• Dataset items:
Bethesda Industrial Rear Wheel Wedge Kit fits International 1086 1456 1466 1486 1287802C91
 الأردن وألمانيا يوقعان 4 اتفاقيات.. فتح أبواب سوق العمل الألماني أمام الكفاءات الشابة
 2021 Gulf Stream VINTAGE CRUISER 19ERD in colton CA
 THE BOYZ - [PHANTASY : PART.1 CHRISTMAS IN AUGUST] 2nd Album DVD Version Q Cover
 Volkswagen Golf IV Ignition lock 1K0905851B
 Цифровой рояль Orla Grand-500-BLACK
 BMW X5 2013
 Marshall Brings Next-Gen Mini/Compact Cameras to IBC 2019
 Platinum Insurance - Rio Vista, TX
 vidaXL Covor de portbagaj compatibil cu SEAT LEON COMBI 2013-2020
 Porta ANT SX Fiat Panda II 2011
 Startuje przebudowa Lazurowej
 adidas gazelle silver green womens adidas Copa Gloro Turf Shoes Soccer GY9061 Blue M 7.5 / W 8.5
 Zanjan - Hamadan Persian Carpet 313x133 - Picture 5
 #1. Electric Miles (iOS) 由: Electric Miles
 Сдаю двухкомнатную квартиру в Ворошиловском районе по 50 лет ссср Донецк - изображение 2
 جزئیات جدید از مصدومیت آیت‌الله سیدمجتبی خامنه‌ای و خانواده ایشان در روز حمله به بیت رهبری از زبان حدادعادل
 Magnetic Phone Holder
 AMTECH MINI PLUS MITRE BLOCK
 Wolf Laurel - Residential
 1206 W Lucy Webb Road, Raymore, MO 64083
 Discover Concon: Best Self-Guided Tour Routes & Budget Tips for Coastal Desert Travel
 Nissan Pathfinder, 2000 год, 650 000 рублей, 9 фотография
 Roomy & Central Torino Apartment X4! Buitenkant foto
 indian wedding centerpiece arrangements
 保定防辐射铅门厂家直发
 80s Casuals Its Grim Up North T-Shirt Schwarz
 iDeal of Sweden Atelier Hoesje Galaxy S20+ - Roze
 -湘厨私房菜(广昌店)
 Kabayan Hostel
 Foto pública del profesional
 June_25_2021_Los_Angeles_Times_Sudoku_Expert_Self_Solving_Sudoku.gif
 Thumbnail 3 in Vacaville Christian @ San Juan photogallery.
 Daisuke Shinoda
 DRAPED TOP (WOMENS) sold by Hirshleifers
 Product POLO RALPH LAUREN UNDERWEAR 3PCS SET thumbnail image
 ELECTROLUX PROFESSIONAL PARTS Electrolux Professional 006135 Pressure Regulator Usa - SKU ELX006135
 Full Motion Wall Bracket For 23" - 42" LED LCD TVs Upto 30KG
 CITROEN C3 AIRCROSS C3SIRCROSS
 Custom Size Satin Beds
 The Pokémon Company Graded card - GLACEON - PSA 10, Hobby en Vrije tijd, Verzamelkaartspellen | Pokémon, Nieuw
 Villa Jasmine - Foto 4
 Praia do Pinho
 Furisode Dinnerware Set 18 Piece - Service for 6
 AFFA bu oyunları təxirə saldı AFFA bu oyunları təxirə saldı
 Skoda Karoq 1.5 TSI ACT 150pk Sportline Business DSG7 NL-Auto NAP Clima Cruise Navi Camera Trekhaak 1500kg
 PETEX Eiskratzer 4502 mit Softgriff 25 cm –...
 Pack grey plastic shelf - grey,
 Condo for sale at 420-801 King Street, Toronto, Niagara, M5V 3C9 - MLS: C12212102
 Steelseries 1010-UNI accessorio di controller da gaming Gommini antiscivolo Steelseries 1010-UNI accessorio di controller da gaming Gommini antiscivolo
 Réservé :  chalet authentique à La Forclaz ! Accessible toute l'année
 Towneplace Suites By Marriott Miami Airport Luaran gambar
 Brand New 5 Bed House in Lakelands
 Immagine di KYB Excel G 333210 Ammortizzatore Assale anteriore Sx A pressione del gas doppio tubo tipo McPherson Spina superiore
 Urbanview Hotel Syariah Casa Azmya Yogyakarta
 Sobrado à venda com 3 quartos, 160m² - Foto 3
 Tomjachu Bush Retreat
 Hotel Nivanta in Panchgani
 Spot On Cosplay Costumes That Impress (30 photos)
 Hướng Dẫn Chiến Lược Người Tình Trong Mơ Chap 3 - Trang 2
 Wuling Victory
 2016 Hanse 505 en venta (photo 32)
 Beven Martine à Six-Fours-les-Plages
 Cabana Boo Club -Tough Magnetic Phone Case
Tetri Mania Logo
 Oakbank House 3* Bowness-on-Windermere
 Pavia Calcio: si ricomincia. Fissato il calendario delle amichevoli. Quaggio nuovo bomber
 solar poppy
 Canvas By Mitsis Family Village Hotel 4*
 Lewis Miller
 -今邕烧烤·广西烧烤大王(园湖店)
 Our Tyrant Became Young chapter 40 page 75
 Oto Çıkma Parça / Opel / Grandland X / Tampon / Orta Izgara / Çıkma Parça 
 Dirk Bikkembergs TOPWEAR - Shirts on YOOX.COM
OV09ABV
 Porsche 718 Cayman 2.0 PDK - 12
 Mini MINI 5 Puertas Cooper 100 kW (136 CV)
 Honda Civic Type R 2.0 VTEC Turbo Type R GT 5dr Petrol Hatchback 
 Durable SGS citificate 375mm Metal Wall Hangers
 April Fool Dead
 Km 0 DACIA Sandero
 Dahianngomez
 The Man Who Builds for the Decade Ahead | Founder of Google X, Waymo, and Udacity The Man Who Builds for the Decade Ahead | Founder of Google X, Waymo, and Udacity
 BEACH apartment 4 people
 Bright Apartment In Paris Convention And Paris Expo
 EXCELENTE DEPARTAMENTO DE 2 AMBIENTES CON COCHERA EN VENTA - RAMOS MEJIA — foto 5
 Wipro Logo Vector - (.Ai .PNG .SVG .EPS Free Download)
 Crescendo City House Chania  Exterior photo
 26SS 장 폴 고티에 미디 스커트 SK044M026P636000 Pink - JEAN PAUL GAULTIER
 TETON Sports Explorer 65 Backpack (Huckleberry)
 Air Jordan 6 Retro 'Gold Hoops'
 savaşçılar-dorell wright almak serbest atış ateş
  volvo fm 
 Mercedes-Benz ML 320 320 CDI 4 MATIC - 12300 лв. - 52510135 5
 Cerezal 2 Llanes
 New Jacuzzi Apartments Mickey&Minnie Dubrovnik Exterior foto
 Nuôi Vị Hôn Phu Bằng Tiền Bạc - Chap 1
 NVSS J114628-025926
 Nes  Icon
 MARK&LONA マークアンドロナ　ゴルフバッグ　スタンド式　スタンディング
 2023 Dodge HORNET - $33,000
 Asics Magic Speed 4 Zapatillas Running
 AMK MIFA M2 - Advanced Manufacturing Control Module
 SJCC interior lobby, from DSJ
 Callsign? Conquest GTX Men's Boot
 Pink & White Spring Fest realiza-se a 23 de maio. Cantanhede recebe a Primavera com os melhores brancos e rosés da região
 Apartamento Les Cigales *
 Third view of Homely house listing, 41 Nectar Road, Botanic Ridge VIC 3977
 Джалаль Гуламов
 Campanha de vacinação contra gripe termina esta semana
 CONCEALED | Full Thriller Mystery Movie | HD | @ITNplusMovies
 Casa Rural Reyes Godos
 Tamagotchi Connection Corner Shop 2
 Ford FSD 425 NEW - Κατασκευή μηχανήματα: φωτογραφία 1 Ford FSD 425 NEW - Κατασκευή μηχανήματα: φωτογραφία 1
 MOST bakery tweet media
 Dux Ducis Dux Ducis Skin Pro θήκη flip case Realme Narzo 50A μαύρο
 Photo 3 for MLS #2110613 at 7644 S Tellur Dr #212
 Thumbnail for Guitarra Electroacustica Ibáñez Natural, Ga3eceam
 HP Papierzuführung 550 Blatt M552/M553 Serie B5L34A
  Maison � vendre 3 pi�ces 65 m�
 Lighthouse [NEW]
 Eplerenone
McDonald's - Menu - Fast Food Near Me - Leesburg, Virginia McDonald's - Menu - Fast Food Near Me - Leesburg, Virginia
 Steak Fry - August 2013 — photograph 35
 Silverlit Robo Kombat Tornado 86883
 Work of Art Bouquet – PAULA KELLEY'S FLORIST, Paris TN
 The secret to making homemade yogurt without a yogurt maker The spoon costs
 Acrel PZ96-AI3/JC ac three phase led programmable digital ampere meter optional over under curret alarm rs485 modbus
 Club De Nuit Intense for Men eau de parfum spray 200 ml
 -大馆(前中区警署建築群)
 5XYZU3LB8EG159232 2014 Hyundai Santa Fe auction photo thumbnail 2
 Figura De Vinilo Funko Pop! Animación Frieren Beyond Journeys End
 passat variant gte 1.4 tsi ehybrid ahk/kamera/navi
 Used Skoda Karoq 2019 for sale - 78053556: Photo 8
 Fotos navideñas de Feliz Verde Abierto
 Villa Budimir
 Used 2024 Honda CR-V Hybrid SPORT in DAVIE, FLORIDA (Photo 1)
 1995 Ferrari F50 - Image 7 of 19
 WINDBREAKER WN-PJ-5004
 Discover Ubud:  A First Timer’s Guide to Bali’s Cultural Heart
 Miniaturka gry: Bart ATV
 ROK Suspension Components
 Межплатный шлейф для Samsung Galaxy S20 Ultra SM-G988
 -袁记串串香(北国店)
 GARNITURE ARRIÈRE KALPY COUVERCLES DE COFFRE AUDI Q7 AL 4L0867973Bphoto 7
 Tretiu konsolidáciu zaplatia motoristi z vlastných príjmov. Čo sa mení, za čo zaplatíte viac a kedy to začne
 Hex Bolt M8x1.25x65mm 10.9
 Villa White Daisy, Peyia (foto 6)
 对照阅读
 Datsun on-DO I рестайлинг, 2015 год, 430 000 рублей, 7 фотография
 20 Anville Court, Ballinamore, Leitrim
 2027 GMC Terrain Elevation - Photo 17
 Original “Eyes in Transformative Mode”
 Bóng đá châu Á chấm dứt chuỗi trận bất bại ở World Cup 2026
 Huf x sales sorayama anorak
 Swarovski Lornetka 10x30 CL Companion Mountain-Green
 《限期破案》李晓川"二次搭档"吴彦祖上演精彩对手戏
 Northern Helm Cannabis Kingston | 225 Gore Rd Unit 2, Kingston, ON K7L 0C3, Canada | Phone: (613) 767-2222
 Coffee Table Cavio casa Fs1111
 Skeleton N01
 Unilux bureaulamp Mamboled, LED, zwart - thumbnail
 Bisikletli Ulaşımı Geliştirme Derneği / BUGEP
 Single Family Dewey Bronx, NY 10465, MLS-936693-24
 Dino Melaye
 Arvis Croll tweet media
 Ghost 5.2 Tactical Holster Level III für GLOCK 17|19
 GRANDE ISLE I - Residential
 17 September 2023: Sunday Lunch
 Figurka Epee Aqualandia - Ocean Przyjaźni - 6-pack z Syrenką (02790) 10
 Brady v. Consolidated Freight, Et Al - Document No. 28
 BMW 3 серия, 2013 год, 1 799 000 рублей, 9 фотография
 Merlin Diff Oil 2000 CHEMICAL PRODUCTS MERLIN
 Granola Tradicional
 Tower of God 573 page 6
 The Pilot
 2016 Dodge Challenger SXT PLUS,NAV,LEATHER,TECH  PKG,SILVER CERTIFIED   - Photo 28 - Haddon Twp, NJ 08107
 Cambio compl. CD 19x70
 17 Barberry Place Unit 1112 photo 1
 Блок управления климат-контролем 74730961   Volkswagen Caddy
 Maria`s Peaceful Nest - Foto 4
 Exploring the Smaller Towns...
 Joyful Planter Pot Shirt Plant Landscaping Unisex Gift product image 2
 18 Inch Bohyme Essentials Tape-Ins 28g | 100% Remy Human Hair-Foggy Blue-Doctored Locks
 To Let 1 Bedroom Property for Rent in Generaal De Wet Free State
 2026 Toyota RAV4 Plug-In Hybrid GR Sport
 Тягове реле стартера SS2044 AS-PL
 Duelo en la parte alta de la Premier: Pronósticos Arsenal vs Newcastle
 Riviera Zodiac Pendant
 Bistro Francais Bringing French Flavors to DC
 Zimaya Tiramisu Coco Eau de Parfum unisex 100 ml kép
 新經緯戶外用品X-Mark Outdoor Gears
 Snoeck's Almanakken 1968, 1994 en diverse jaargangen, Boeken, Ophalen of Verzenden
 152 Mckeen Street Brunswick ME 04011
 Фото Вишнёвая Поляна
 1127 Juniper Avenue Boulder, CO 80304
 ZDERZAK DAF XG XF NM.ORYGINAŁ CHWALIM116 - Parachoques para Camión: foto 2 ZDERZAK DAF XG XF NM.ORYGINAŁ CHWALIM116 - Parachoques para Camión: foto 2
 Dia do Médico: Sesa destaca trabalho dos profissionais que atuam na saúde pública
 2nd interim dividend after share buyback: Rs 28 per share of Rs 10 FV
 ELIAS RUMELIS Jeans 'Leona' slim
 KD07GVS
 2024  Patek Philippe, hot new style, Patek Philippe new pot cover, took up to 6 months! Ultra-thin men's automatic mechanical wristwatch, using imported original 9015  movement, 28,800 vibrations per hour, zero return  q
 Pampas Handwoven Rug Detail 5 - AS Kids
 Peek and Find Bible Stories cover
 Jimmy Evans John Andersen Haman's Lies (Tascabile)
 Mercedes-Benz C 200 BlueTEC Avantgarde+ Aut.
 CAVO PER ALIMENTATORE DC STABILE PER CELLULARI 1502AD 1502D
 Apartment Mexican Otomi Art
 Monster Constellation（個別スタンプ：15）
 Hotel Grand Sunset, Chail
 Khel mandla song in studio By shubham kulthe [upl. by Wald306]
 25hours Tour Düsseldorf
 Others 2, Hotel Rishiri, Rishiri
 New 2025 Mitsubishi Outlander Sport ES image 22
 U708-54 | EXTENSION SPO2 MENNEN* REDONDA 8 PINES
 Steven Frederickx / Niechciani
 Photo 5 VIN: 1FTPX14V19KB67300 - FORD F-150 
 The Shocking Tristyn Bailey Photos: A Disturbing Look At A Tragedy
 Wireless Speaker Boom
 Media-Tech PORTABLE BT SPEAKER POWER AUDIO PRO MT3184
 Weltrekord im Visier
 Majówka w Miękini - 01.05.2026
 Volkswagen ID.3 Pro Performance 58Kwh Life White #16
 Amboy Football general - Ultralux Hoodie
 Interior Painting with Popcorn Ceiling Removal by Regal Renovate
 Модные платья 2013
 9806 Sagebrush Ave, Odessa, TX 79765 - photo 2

• TASK: How many lines in the records hold the string "Dodge"? Reply with the number only.

• ANSWER BOX: 2